US 12,243,314 B2
Method and system for recognizing human action in apron based on thermal infrared vision
Meng Ding, Nanjing (CN); Yuanyuan Ding, Nanjing (CN); Xianghao Kong, Nanjing (CN); Yiming Xu, Nanjing (CN); Yi Wu, Nanjing (CN); and Wei Lu, Nanjing (CN)
Assigned to Nanjing University of Aeronautics and Astronautics, Jiangsu (CN)
Appl. No. 18/007,599
Filed by Nanjing University of Aeronautics and Astronautics, Jiangsu (CN)
PCT Filed Dec. 6, 2021, PCT No. PCT/CN2021/135634
§ 371(c)(1), (2) Date Dec. 1, 2022,
PCT Pub. No. WO2023/087420, PCT Pub. Date May 25, 2023.
Claims priority of application No. 202111362718.1 (CN), filed on Nov. 17, 2021.
Prior Publication US 2024/0265703 A1, Aug. 8, 2024
Int. Cl. G06V 40/20 (2022.01); G06V 10/77 (2022.01); G06V 10/774 (2022.01); G06V 20/40 (2022.01); G06V 20/52 (2022.01); G06V 20/70 (2022.01)

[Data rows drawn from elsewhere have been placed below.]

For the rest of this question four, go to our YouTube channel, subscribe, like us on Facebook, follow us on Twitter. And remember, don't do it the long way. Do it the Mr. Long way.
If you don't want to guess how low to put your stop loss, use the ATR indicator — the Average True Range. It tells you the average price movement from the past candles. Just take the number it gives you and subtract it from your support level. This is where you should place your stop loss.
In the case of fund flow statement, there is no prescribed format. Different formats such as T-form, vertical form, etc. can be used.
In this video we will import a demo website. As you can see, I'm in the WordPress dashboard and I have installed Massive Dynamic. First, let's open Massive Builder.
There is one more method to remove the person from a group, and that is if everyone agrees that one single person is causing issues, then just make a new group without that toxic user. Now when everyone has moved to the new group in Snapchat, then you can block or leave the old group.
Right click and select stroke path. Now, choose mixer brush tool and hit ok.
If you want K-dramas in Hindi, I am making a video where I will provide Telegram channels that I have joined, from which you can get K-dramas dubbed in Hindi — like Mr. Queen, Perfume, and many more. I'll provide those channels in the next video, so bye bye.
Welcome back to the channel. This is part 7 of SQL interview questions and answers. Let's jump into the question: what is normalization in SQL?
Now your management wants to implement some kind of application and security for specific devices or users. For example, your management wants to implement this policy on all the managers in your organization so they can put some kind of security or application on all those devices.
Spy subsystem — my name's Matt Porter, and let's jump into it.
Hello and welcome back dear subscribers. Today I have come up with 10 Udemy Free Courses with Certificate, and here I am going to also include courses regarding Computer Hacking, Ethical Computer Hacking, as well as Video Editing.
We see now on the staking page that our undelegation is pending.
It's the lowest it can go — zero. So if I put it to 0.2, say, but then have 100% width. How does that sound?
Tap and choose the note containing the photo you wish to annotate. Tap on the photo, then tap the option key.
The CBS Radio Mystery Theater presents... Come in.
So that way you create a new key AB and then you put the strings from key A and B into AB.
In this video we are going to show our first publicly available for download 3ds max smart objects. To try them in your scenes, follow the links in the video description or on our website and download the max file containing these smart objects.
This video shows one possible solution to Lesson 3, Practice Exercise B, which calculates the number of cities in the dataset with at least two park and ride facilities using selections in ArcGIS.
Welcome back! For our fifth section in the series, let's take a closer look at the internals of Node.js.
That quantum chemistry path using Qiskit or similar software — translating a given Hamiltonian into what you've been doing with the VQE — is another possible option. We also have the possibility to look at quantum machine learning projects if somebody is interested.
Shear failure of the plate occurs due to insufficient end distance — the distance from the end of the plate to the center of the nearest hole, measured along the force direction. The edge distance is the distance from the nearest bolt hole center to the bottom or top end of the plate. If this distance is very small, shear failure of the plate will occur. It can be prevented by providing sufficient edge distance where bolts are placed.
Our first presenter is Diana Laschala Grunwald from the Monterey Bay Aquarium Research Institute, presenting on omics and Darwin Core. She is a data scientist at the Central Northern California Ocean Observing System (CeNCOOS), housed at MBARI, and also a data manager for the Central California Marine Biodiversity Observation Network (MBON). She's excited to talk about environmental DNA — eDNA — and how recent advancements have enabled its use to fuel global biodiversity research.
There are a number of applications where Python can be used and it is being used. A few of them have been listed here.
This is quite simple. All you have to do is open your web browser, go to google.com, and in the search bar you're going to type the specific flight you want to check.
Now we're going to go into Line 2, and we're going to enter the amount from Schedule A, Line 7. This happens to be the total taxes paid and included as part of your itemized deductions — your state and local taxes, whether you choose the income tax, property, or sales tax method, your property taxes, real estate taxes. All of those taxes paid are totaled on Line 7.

CPC G06V 20/52 (2022.01) [G06V 10/7715 (2022.01); G06V 10/774 (2022.01); G06V 20/41 (2022.01); G06V 20/70 (2022.01); G06V 40/20 (2022.01)] 10 Claims
OG exemplary drawing
 
1. A method for recognizing a human action in an apron based on thermal infrared vision, comprising:
acquiring a plurality of video sequences from an infrared monitoring video, wherein the plurality of video sequences comprise a plurality of types of preset target actions;
labeling a set target in each image frame in each video sequence with a target box to obtain a target tracking result, wherein the target tracking result comprises position information of an image labeled with the target box, in each frame;
intercepting, for each image frame in each video sequence, a target-box enlarged area according to the labeled target box, wherein a side length of the target-box enlarged area is greater than a maximum side length of the corresponding labeled target box;
adding, for each image frame in each video sequence, the position information of the image labeled with target box to the target-box enlarged area to obtain a three-channel sub-image, wherein the three-channel sub-image includes an abscissa channel image, an ordinate channel image and an image corresponding to the target-box enlarged area, and various three-channel sub-images are arranged in chronological order to form a three-channel sub-image sequence;
training an action recognition model by using a plurality of three-channel sub-image sequences corresponding to a plurality of video sequences as a training set, to obtain a trained action recognition model;
obtaining a to-be-recognized video sequence from another infrared monitoring video, and obtaining a three-channel sub-image sequence corresponding to the to-be-recognized video sequence;
inputting the three-channel sub-image sequence corresponding to the to-be-recognized video sequence into the trained action recognition model to output a target action type.